WORK INSTRUCTIONS:
Exercise in exact copying: restate word for word only the lines below from the one containing "1 Piece White" through the one containing "120W GaN fast", omitting any pictures.

RECORDS SHOWN:

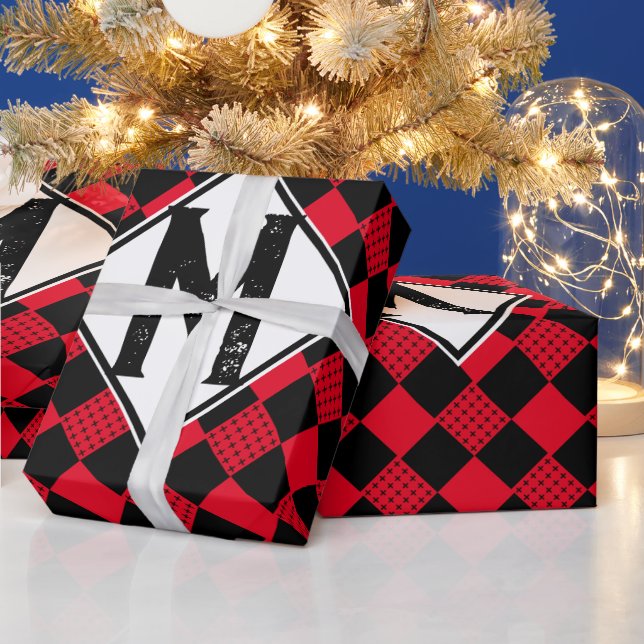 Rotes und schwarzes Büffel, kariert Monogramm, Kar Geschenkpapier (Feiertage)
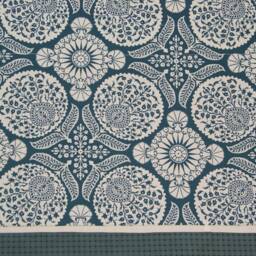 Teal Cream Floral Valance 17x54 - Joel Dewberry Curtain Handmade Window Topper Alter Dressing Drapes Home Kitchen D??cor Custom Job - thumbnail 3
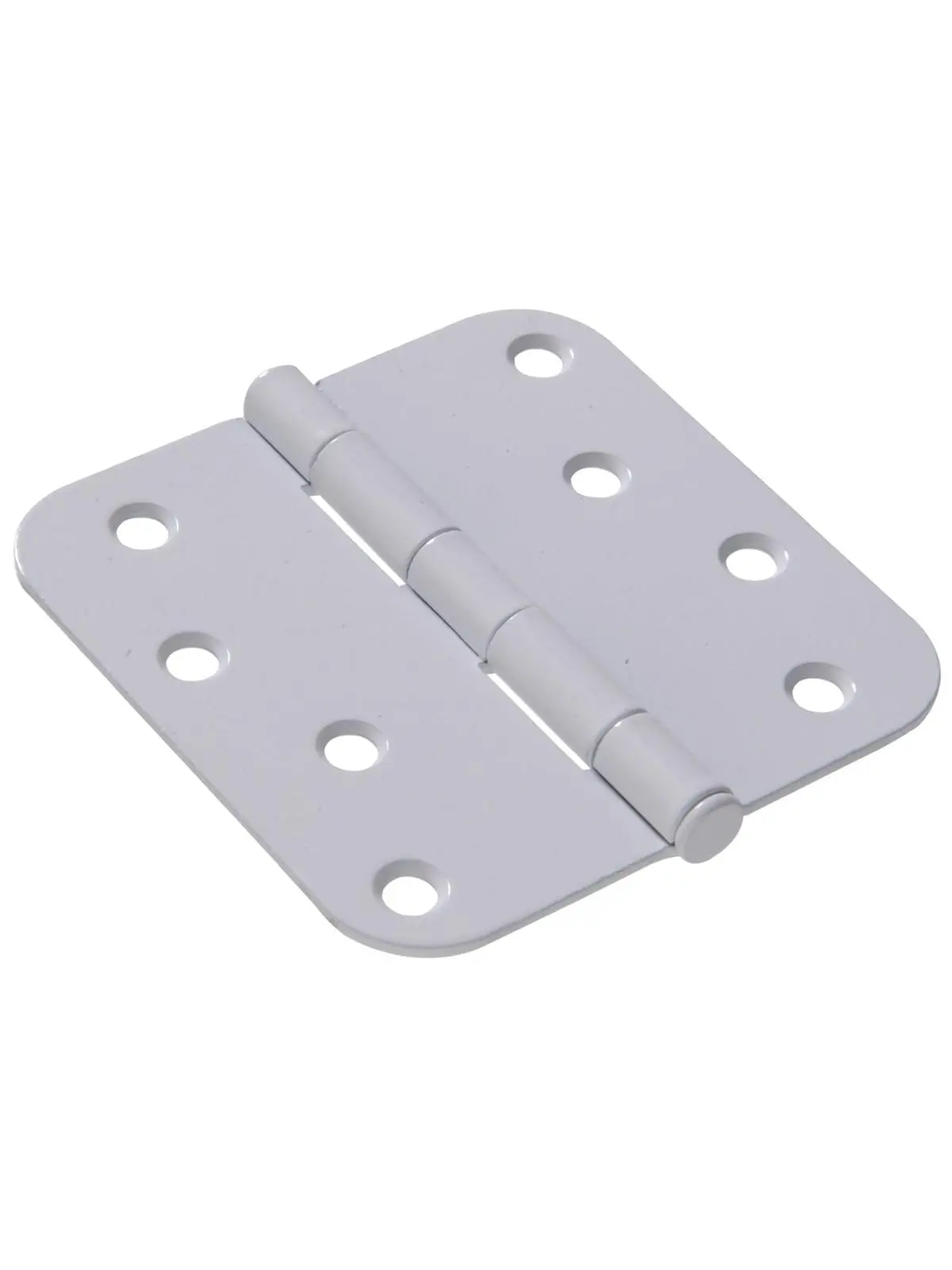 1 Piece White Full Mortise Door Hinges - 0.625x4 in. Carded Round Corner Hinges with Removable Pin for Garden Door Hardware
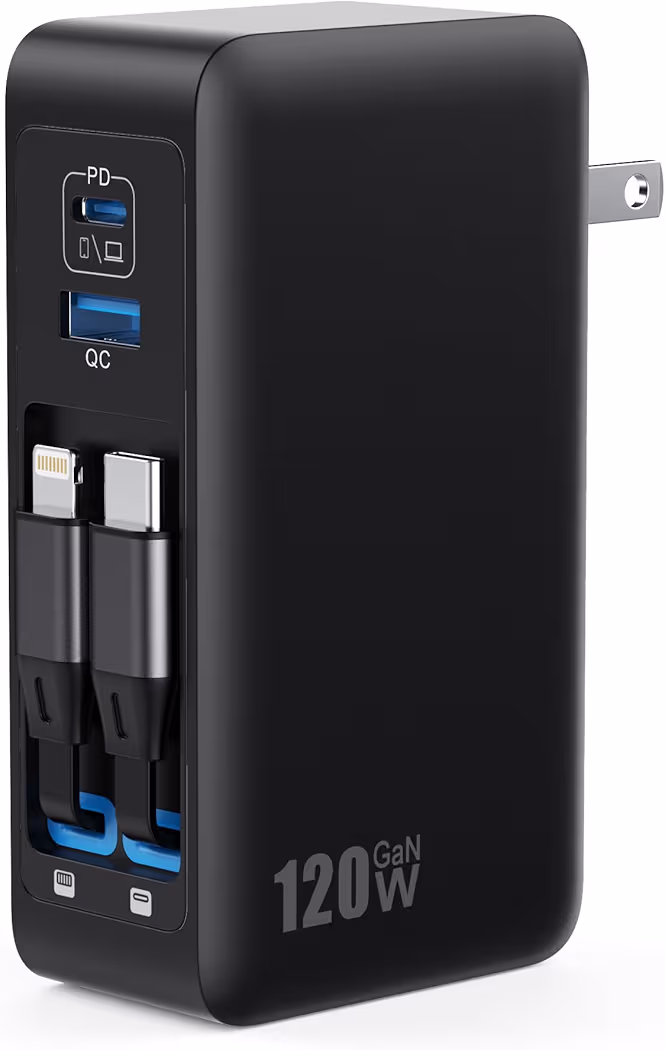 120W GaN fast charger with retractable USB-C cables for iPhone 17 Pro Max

==

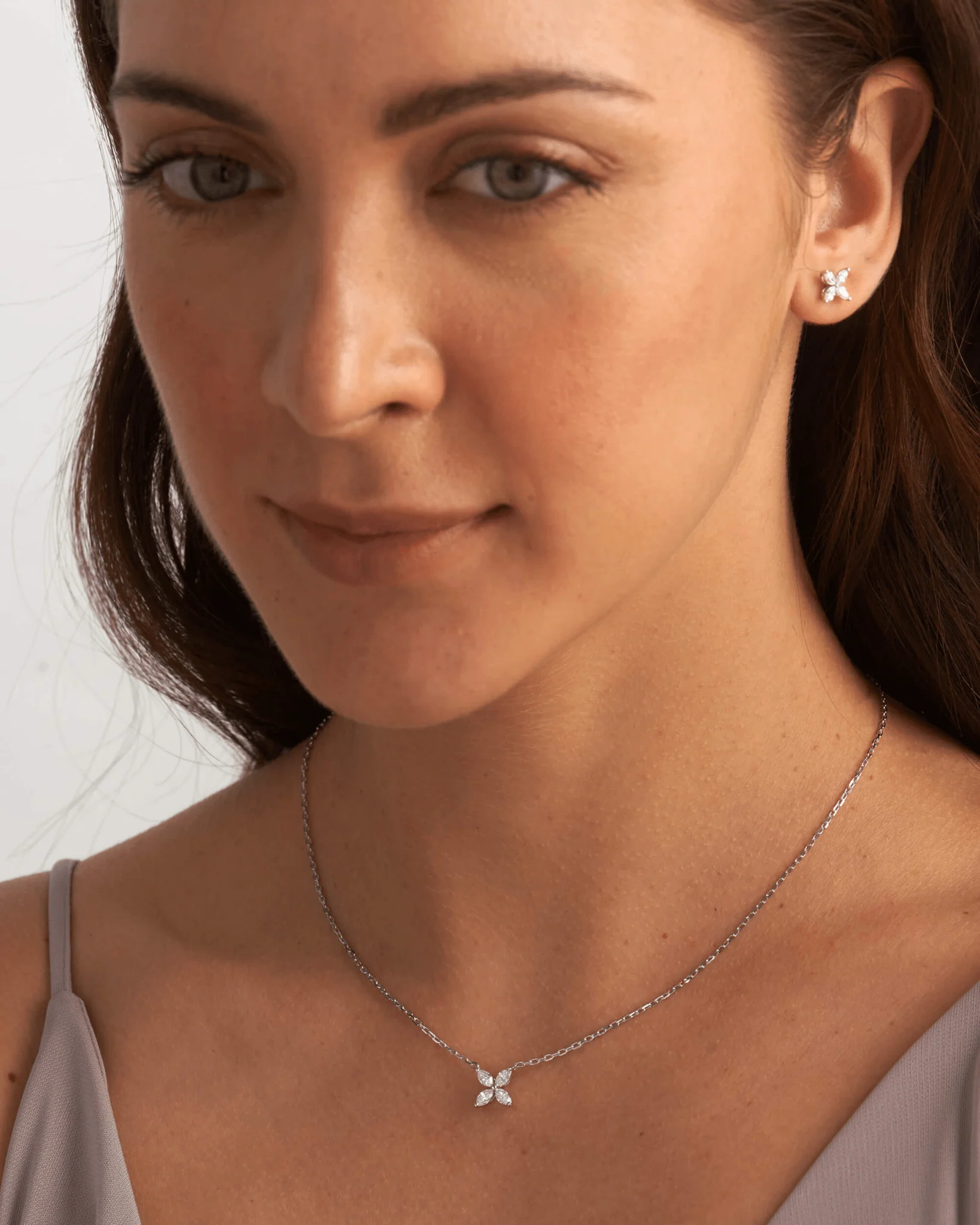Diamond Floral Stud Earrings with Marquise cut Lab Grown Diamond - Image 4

YOUR RESPONSE:
 1 Piece White Full Mortise Door Hinges - 0.625x4 in. Carded Round Corner Hinges with Removable Pin for Garden Door Hardware
 120W GaN fast charger with retractable USB-C cables for iPhone 17 Pro Max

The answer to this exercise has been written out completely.